Exponents 7 and 5 from D-structure:

• 7 = C(4,2) + C(2,2) = 6 + 1
• 5 = C(4,2) - C(2,2) = 6 - 1

@[reducible, inline]

abbrev FUST.QuarkMassRatios.mt_mb_exp_high : ℕ

Top/bottom exponent 7 = C(4,2) + C(2,2)

Equations

• FUST.QuarkMassRatios.mt_mb_exp_high = Nat.choose 4 2 + Nat.choose 2 2

theorem FUST.QuarkMassRatios.mt_mb_exp_high_eq : mt_mb_exp_high = 7

@[reducible, inline]

abbrev FUST.QuarkMassRatios.mt_mb_exp_low : ℕ

Top/bottom exponent 5 = C(4,2) - C(2,2)

Equations

• FUST.QuarkMassRatios.mt_mb_exp_low = Nat.choose 4 2 - Nat.choose 2 2

theorem FUST.QuarkMassRatios.mt_mb_exp_low_eq : mt_mb_exp_low = 5

@[reducible, inline]

noncomputable abbrev FUST.QuarkMassRatios.mt_mb_structural : ℝ

Top/bottom quark mass ratio from combined D-structure

Equations

• FUST.QuarkMassRatios.mt_mb_structural = FUST.φ ^ FUST.QuarkMassRatios.mt_mb_exp_high + FUST.φ ^ FUST.QuarkMassRatios.mt_mb_exp_low

theorem FUST.QuarkMassRatios.mt_mb_structural_eq : mt_mb_structural = φ ^ 7 + φ ^ 5

theorem FUST.QuarkMassRatios.mt_mb_factored : mt_mb_structural = φ ^ 5 * (φ ^ 2 + 1)

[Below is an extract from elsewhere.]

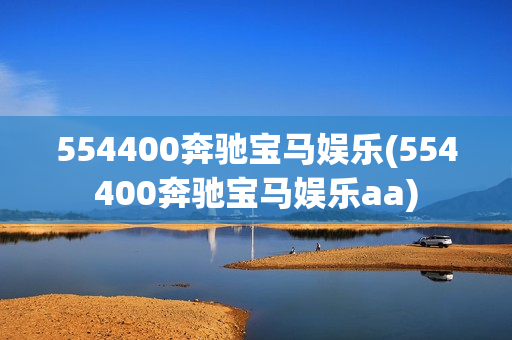 554400奔驰宝马娱乐(554400奔驰宝马娱乐aa)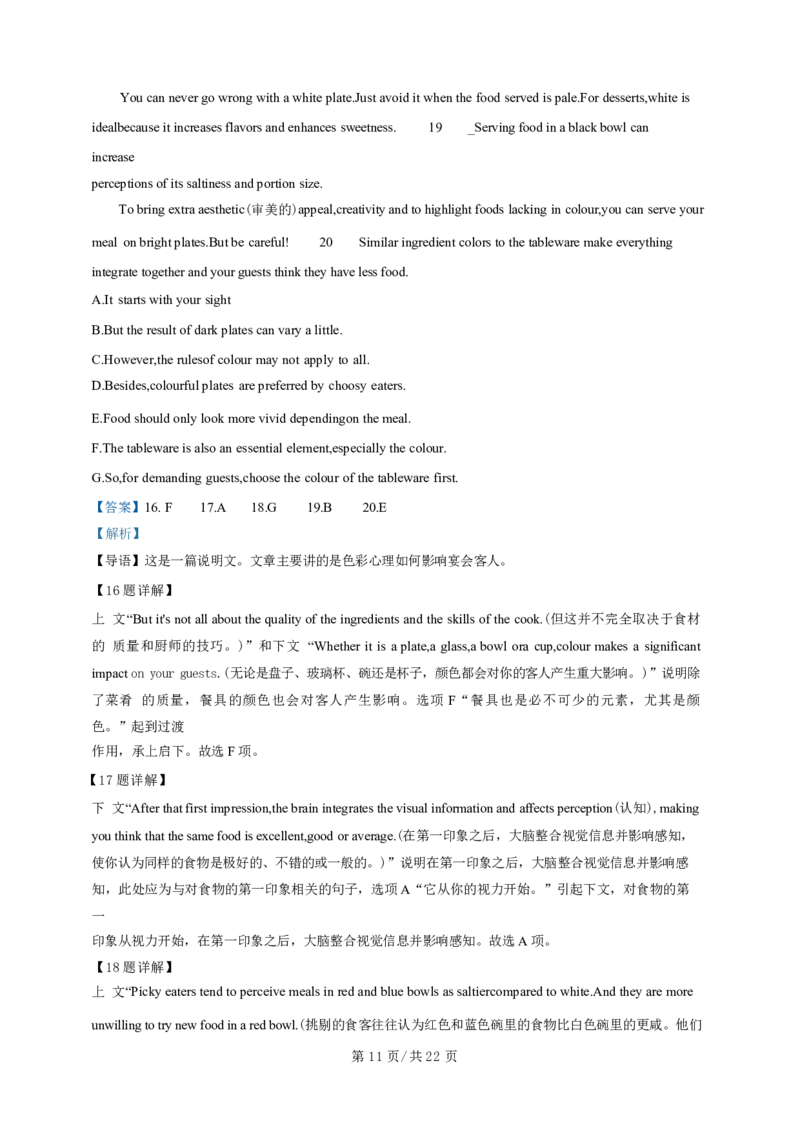 广东省广州三校（广铁一中、广州外国语学校、广州大学附属中学）2023-2024学年高二下学期期末考试+英语_2024-2025高三（6-6月题库）_2024年07月试卷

Factor out φ^5: φ^7 + φ^5 = φ^5(φ^2 + 1)

theorem FUST.QuarkMassRatios.mt_mb_simplified : mt_mb_structural = φ ^ 5 * (φ + 2)

Using φ² = φ + 1, we get φ² + 1 = φ + 2

theorem FUST.QuarkMassRatios.phi_fifth : φ ^ 5 = 5 * φ + 3

Fibonacci representation: φ^5 = 5φ + 3

theorem FUST.QuarkMassRatios.phi_seventh : φ ^ 7 = 13 * φ + 8

Fibonacci representation: φ^7 = 13φ + 8

theorem FUST.QuarkMassRatios.mt_mb_fibonacci : mt_mb_structural = 18 * φ + 11

Fibonacci representation: φ^7 + φ^5 = 18φ + 11

Part 6: Neutrino Mass Squared Ratio

Neutrino mass squared ratio Δm²₂₁/Δm²₃₁ = 1/30 30 = 2 × C(6,2) = 2 × 15

theorem FUST.QuarkMassRatios.neutrino_ratio_decomposition : 2 * Nat.choose 6 2 = 30

Summary Theorem

theorem FUST.QuarkMassRatios.quark_mass_ratios_from_d_structure : 1 / 2 = 1 / 2 ∧ Nat.choose 4 2 = 6 ∧ mc_ms_component + mc_ms_isospin_component = 12 ∧ Nat.choose 3 2 = 3 ∧ mt_mb_exp_high = Nat.choose 4 2 + Nat.choose 2 2 ∧ mt_mb_exp_low = Nat.choose 4 2 - Nat.choose 2 2 ∧ 2 * Nat.choose 6 2 = 30

theorem FUST.QuarkMassRatios.all_exponents_from_pair_counts : Nat.choose 4 2 = 6 ∧ mc_ms_component = Nat.choose 5 2 ∧ Nat.choose 3 2 = 3 ∧ mt_mb_exp_high = 7 ∧ mt_mb_exp_low = 5

All exponents derived from D-structure pair counts